Among the entries below, the lines from the one with "Camisa a cuadros" up to and including the one with "AWE Exhaust for" are to be restated exactly, without pictures.

::: Source data

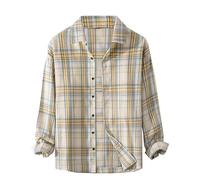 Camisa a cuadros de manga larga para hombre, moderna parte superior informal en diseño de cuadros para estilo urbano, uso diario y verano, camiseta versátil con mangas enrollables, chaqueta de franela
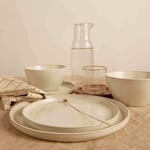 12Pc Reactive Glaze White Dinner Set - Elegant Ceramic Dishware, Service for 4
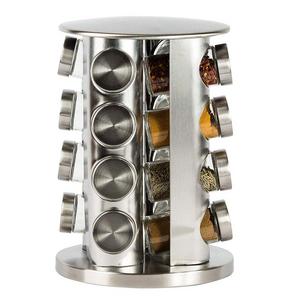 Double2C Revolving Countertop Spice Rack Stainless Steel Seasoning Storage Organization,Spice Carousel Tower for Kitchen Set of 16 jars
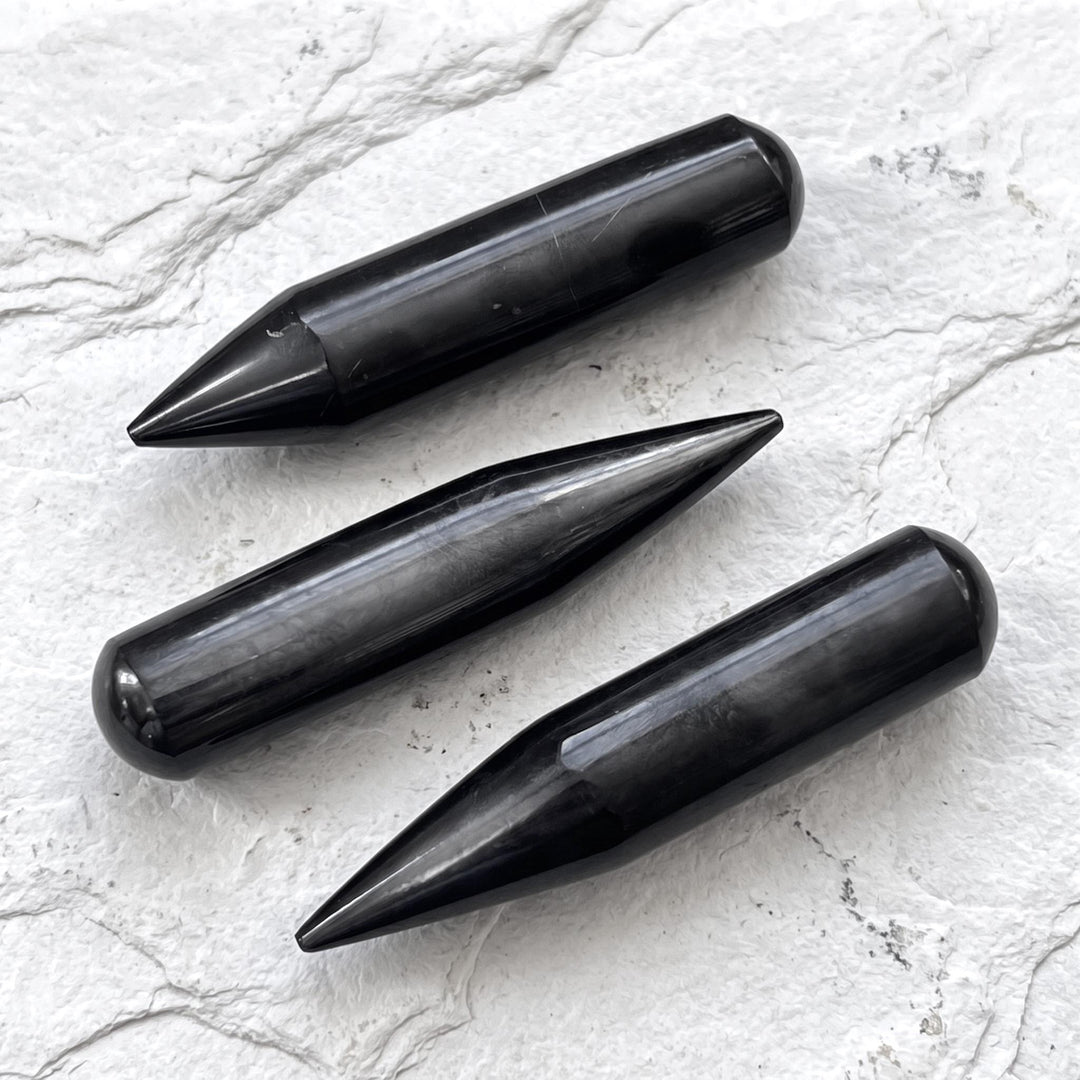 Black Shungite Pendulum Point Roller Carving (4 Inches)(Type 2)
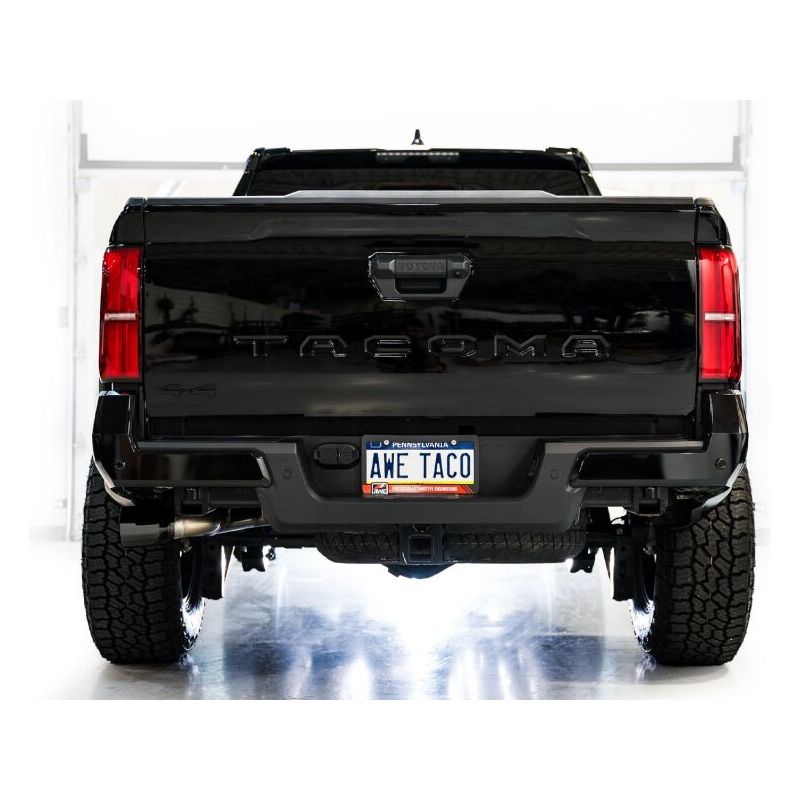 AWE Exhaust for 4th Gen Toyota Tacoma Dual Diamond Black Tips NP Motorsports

::::::
::: Source data

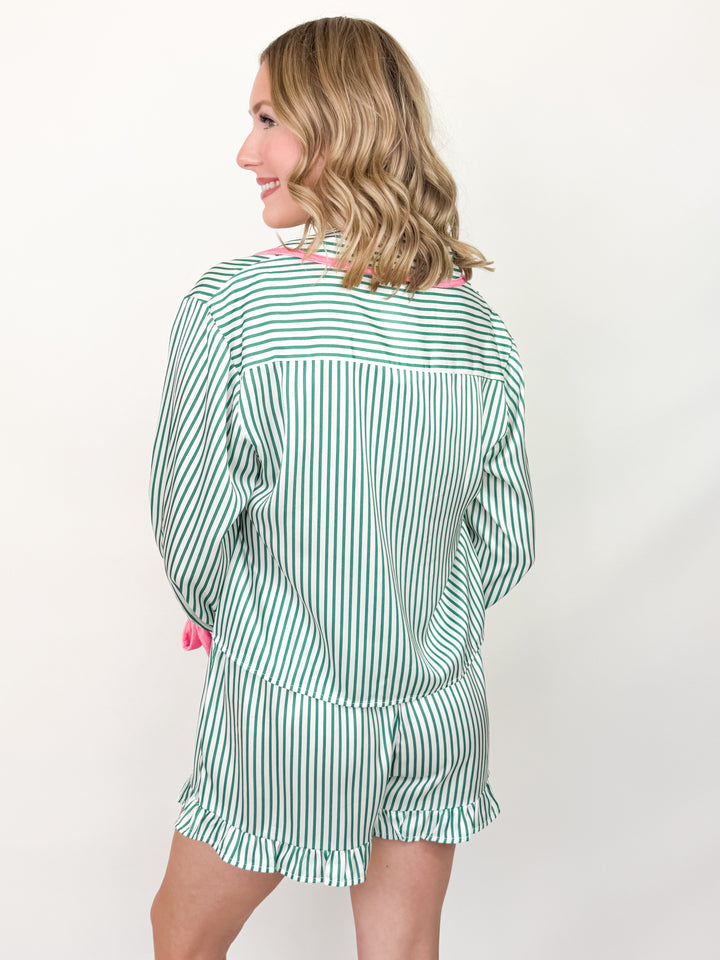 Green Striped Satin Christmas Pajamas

::::::
::: Source data

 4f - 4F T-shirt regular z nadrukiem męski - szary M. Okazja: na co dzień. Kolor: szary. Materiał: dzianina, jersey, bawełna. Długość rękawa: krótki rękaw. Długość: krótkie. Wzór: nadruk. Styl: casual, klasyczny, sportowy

::::::

Solution for this task
 Camisa a cuadros de manga larga para hombre, moderna parte superior informal en diseño de cuadros para estilo urbano, uso diario y verano, camiseta versátil con mangas enrollables, chaqueta de franela
 12Pc Reactive Glaze White Dinner Set - Elegant Ceramic Dishware, Service for 4
 Double2C Revolving Countertop Spice Rack Stainless Steel Seasoning Storage Organization,Spice Carousel Tower for Kitchen Set of 16 jars
 Black Shungite Pendulum Point Roller Carving (4 Inches)(Type 2)
 AWE Exhaust for 4th Gen Toyota Tacoma Dual Diamond Black Tips NP Motorsports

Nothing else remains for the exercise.